Whatever input Spain had into the technology does not detract from the fact that the Americans hold the keys to the most important parts of the ship's technology.



It was the only sensible option at the time. Saying there was a choice was like saying you didn't have to fly Virgin Atlantic, you could also fly Aeroflot or Air Koryo.



What, are you saying that PAAMS is not comparable to AEGIS or it will take 7-10 years to work? EIther way that's rubbish.



Err, yeah, number of disagreements means nothing. Spain has not done anything that would potentially lead to a cut off of military assistance so far. There's plenty of scope for relations to deteriorate in the future, but hey if you want to roll the dice every decade or so be my guest.
Easy Musashi, easy.

I still hold the 14 ships bit. Read my post. The Aussies paid for the design to build THREE ships. If they want to build the fourth we get extra money (royalties). Read the contract and come back to me. The point of the discussion with 1805 was that AEGIS has proved a huge financial succes for Navantia. Ah! and by the way, parts of the ship are being built in Spain and shipped to Australia. So yes, mate, 14 ships and growing.

Yeah, the yanks hold the key. Fair enough. Options?? None...so what?

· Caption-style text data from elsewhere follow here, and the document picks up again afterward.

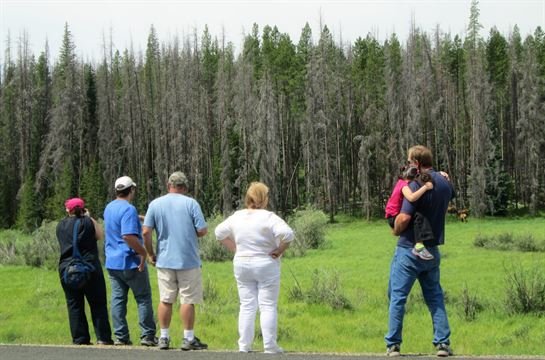 Connie Sue James - Photo 49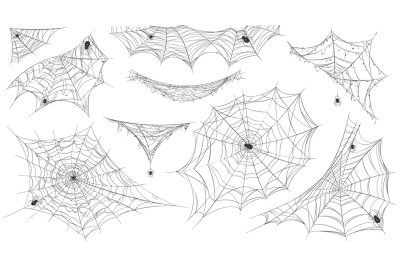 Spider web silhouette. Hanging cobweb with venom spiders for horror he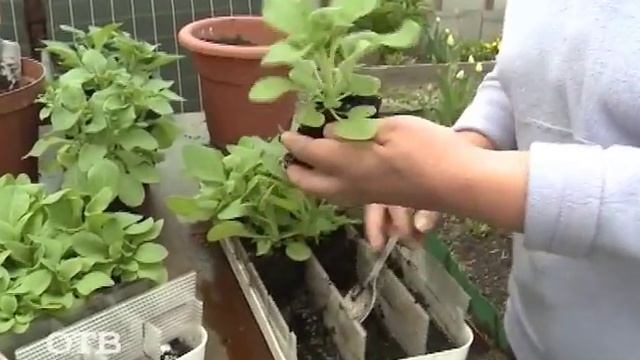 Дачники: как правильно ухаживать за цветами смотреть онлайн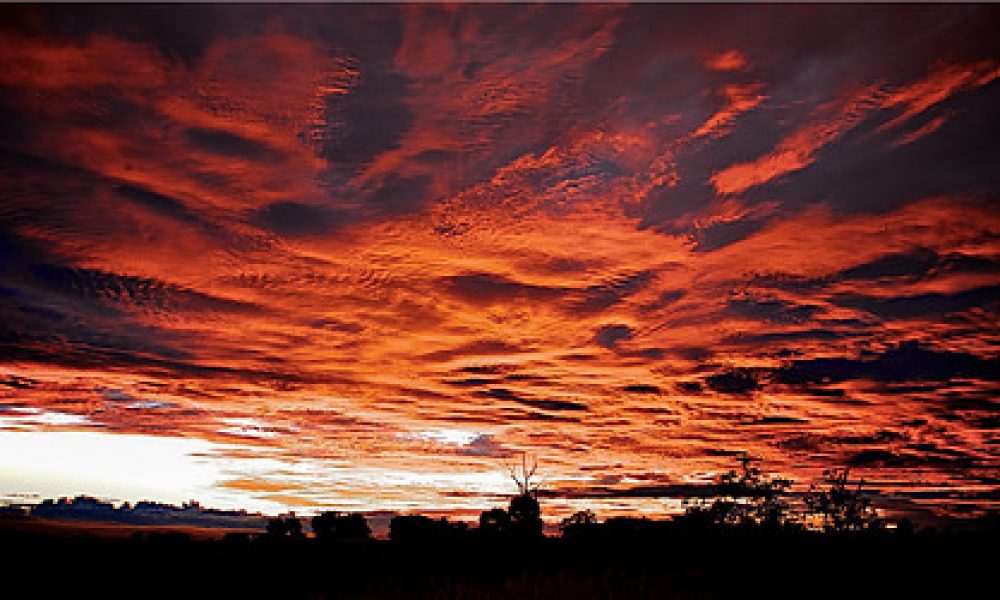 Australian Sunset | Wagga Wagga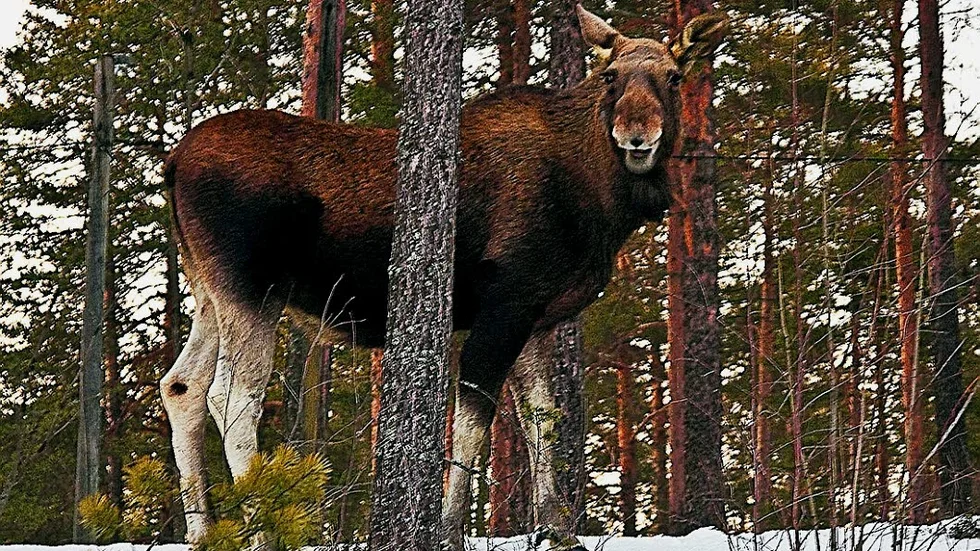 Älg. Två älgar ska nu avlivas efter beslut av polisen.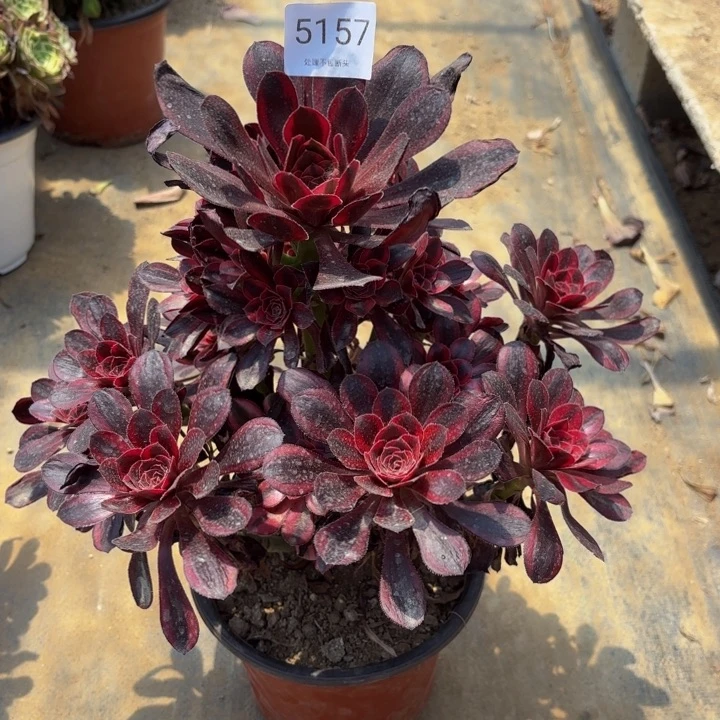 香奈儿多肉处理不包断头5157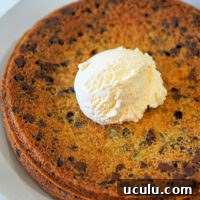 A delicious chocolate chip cookie cake, reminiscent of a freshly baked t pizookie, perfectly paired with a scoop of vanilla ice cream on a pristine white plate. Try your hand at creating this treat effortlessly in an air fryer for that perfect golden edge.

There was another sensible option at the time (1994). Risky, though, but still sensible: APAR + Smart L + SM2. Nice ship. Much closer to be fully operational than the T45. I wouldn't put the german technology and "aeroflot" in the same sack.

Yes, I'm saying that PAAMS is not comparable to AEGIS. For one only reason: I doesn't work so far. I will, but not yet. And NEVER EVER believe what the developers say until you see the actual "thing" doing it.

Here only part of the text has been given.